Administrator intervention is required to resolve this conflict by creating the user fred on node2. (It need not have the same permissions, but must exist).
Because BDR apply processes operate very like normal user sessions they are subject to the usual rules around row and table locking. This can sometimes lead to BDR apply processes waiting on locks held by user transactions, or even by each other.
Relevant locking includes;
explicit table-level locking (LOCK TABLE ...) by user sessions
explicit row level locking (SELECT ... FOR UPDATE/FOR SHARE) by user sessions
locking from foreign keys
implicit locking because of row UPDATEs, INSERTs or DELETEs, either from local activity or apply from other servers
It is even possible for a BDR apply process to deadlock with a user transaction, where the user transaction is waiting on a lock held by the apply process and vice versa.
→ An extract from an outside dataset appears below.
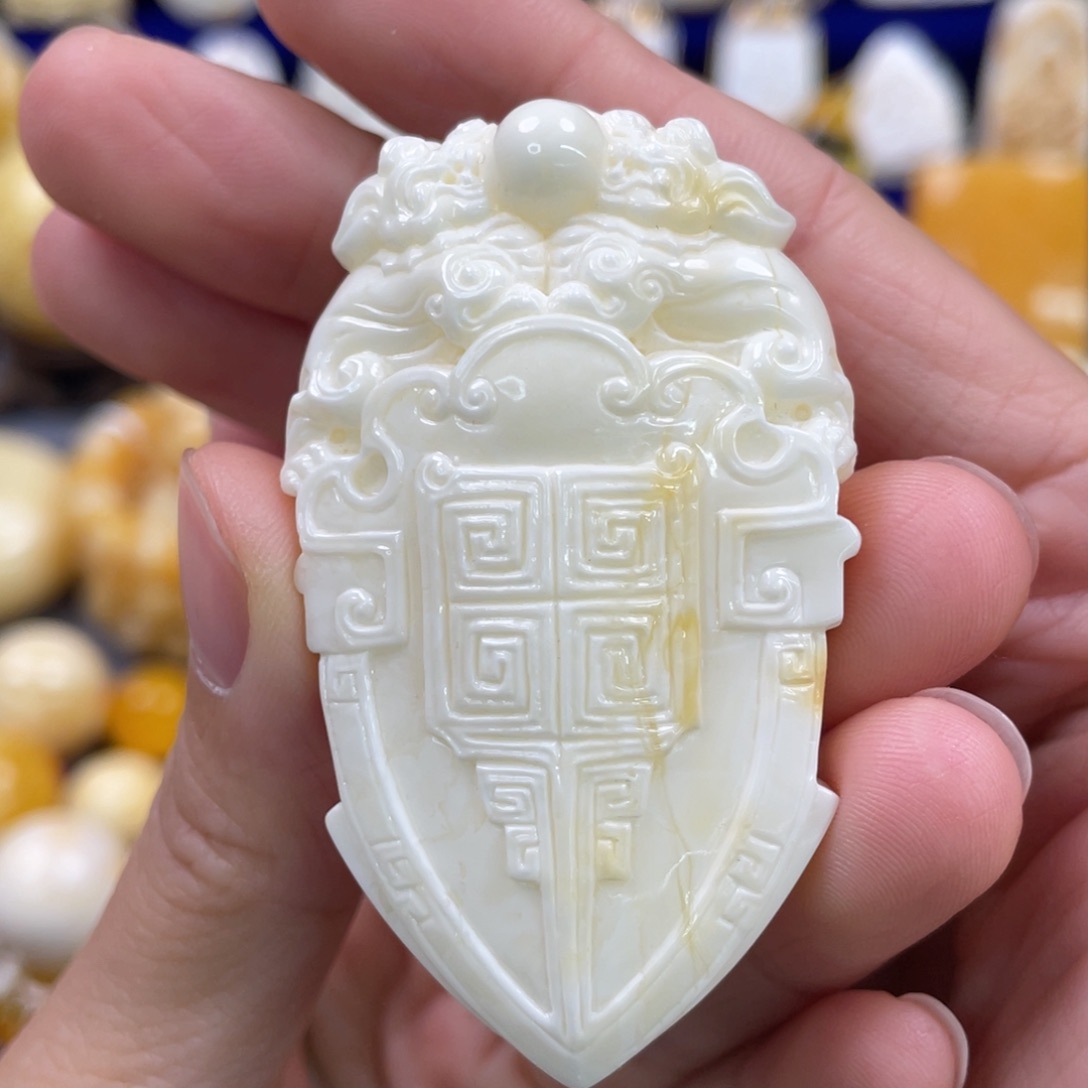 蜜蜡裸石未镶嵌琥珀蜜蜡雕刻件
Two apply processes may also deadlock with each other. PostgreSQL's deadlock detector will step in and terminate one of the problem transactions. If the BDR apply worker's process is terminated it will simply retry and generally succeed.
All these issues are transient and generally require no administrator action. If an apply process is stuck for a long time behind a lock on an idle user session the administrator may choose to terminate the user session to get replication flowing again, but this is no different to a user holding a long lock that impacts another user session.
Use of the log_lock_waits facility in PostgreSQL can help identify locking related replay stalls.
Divergent conflicts arise when data that should be the same on different nodes differs unexpectedly. Divergent conflicts should not occur, but not all such conflicts can be reliably prevented at time of writing.
Changing the PRIMARY KEY of a row can lead to a divergent conflict if another node changes the key of the same row before all nodes have replayed the change. Avoid changing primary keys, or change them only on one designated node. See UPDATE conflicts on the PRIMARY KEY.
Divergent conflicts involving row data generally require administrator action to manually adjust the data on one of the nodes to be consistent with the other one while replication is temporarily disabled using bdr.do_not_replicate. Such conflicts should not arise so long as BDR is used as documented and settings or functions marked as unsafe are avoided.
The administrator must manually resolve such conflicts. Use of the advanced options bdr.do_not_replicate, bdr.skip_ddl_replication and bdr.permit_unsafe_ddl_commands may be required depending on the nature of the conflict. However, careless use of these options can make things much worse and it isn't possible to give general instructions for resolving all possible kinds of conflict.